Both models function in important areas, and Deepseek R1 has excellent mathematics and problem solving tasks, but Openai O1 has a more wide range of general knowledge tasks and Q & A’s superiority.
Practical application and accessibility
Deepseek R1 and its distillation models can be used through several platforms and provide flexible deployment options.
- DeepSeek chat platform: Free access to full R1 models for users.
- API access: Large -scale use cases are affordable, and developers can easily access them.
- Local development: Distilling models such as QWEN 8B and QWEN 32B can be deployed on local systems or virtual machines.

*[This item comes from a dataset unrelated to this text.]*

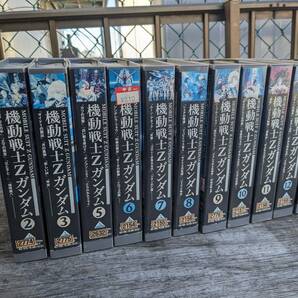 ▼送料900・セットまとめて▼レンタル落ち機動戦士Zガンダム VHSビデオテープ 20240308-B00005EDVU-UAC-1200-1の画像1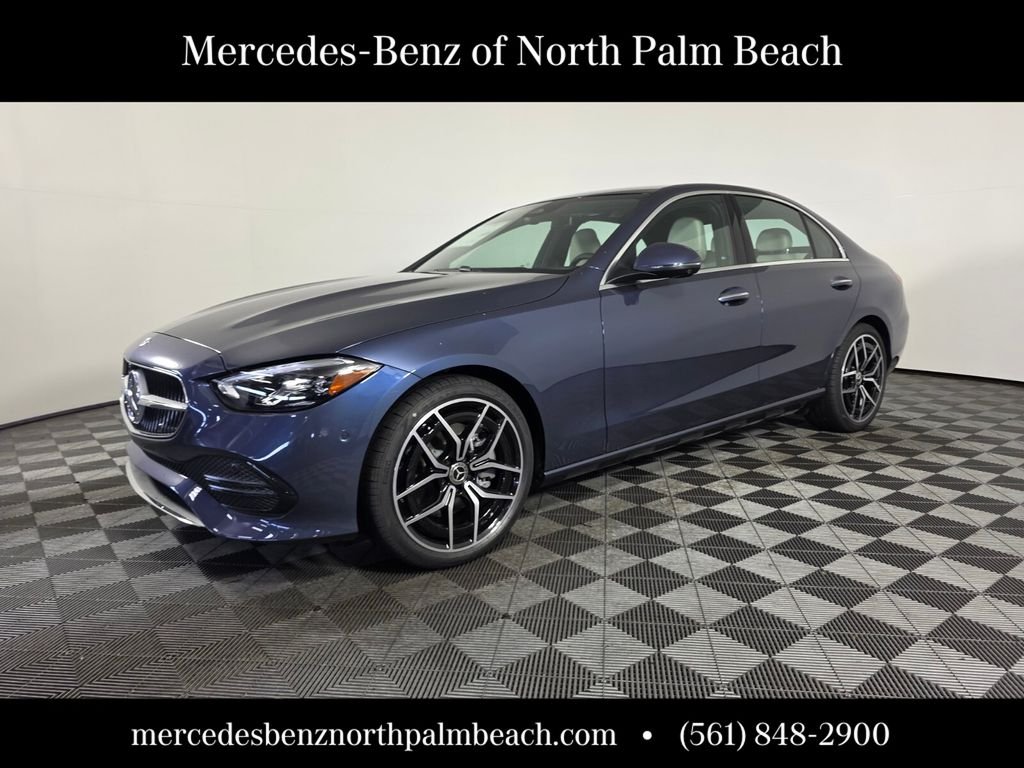2026 Mercedes-Benz C-Class Sedan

DeepSeek’s commitment to accessibility makes it easier for developers to integrate their powerful AI functions into applications without breaking the bank.
Conclusion: A new era of AI innovation
Deepseek R1 represents the perfect fusion of state -of -the -art AI technology and strategic resource management. Open source nature, cost -effective, and impressive performance proves that Deepseek R1 can develop AI models that are comparable to the largest high -tech companies, even small teams with limited resources.
For companies and developers, Deepseek R1 offers attractive alternative means to existing market options. Deepseek R1 may be a breakthrough you are looking for, regardless of whether you are working on mathematics, code, or general inference tasks.
Is Deepseek R1 the future of AI? Time has passed, but there is one certain thing. Innovation, efficiency, and flexibility are an important stone for their success.